What Is a Book Value Per Share?

Net assets per share refers to the ratio of shareholders' equity to the total number of shares. The calculation formula is: net assets per share = total shareholder equity / total share capital stock par value. This indicator reflects the present value of assets owned by each share. The higher the net assets per share, the more the value of the assets per share owned by the shareholders; the less the net assets per share, the less the value of the assets per share owned by the shareholders. Generally, the higher the net assets per share, the better. [1]

Net assets per share

The company's net assets represent the company's own property, as well as the shareholders' rights and interests in the company. because
"Net assets" refers to the net amount of a company's total assets minus its liabilities. It is also called "shareholder equity" or "
The formula for calculating net assets per share is: net assets per share = total shareholder equity / total share capital stock denomination. This indicator shows the value of the company's book net assets that can be allocated for each common stock issued. The net book assets mentioned here refer to the balance of the company's total assets minus liabilities on the company's books, that is, the total shareholders' equity. The net asset per share index reflects how much each share is worth on the company's books at the end of the accounting period. If the company has the same nature and the market price is similar, the higher the net asset per share of a company's stock, the company's development The greater the potential and the value of the stock's investment, the less the investment risk an investor bears.
The reason for the adjustment of the net assets per share is that due to the prudent restrictions of the current accounting system, some accounting methods are still at a certain distance from international practice. According to internationally accepted accounting standards, corporate expenditures are divided into revenue expenditures and capital expenditures. The benefits of revenue expenditures are only relevant to the current fiscal year, while the benefits of capital expenditures are relevant to several fiscal years. The adjustment of the net assets per share indicator actually deducts some potential expenses or future expenses in the assets, which is undoubtedly more adapted to international practices and combined with the actual situation of Chinese enterprises, provides a valuable reference for investors index.
The net assets of a stock are the actual assets contained in each share of a listed company.
As we all know, the return on net assets is an important indicator of the profitability of listed companies and reflects the profitability of business owners. However, some people have slightly expanded the return on net assets when choosing investment products. When we choose, we should Comprehensive consideration, recognizing the shortcomings of return on net assets, comprehensively considering the choice of investment products with reference to other indicators.
The return on net assets is calculated as follows: return on net assets (R) = earnings per share or company net profit (E) / net assets per share or company equity (A) × 100%.
First, we should see the flaws in the formula itself. This calculation formula only reflects the value of the return rate, but does not reflect the size of the two numbers of the numerator and denominator. Through the formula, we can see that there are many ways to improve ROE. Among them, the E value is unchanged, the A value is reduced, or E, Both values of A are reduced at the same time, and the value of A is reduced more. Both methods can increase the R value, but it is obvious that the decrease of E or A is a sign of the decline of the company's profitability. The company has higher profitability.
Second, because investors in China have always valued R, it has brought some bad guidance to the market. Taking it as the standard, it is not conducive to the company's stable operation and sustainable development.
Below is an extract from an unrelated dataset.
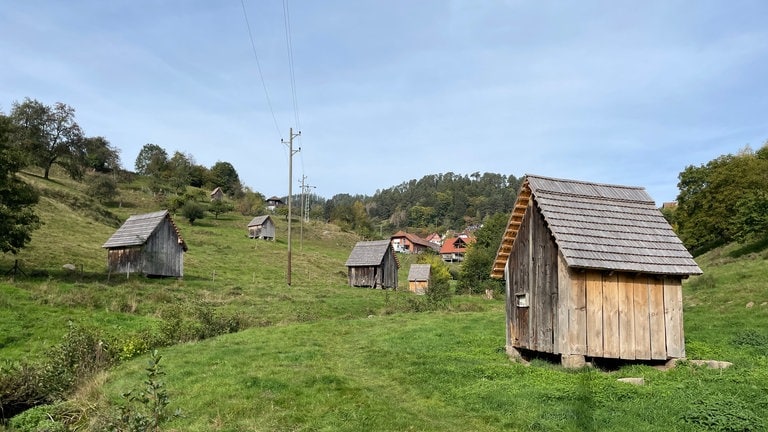 Die Ziegenfreunde Bermersbach haben in dem Ortsteil von Forbach Heuhütten am Ziegenpfad renoviert.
Some listed companies with poor performance and low net worth, on the one hand, obtain book profits through connected transactions by large shareholders or directly seek subsidy income from local governments to increase On the other hand, due to successive operating losses or repeated transfers of shares, the denominator has become smaller. Once the refinancing funds are available, they can be leveled for large shareholders for free, or they can purchase government bonds or repay loans. Funds were scarce, so corporate development stalled. In addition, the domestic pursuit of R has hindered the internationalization of enterprises. According to international standards, a profitable indicator for judging the operating performance of a company is the return on total assets rather than the return on net assets. Since total assets are equal to the sum of net assets and liabilities, the calculated return on total assets tends to be significantly lower than the return on net assets when the level of returns is constant. If we do not use a comprehensive evaluation system to assess the overall status of the enterprise, the enterprise will be very unsuited to issues such as the rating of international institutions that the company will face in the future, and it will be difficult to correct it and face obsolescence.
In short, when conducting a financial analysis of a company, you can't just consider who has a high return on net assets. Need to study the gross margin, net profit, turnover rate, financial leverage in more detail, find differences between different companies, and study the reasons for these differences.
Then based on these things, judge the company's possible changes in the future, so as to find safe and reasonable investment opportunities.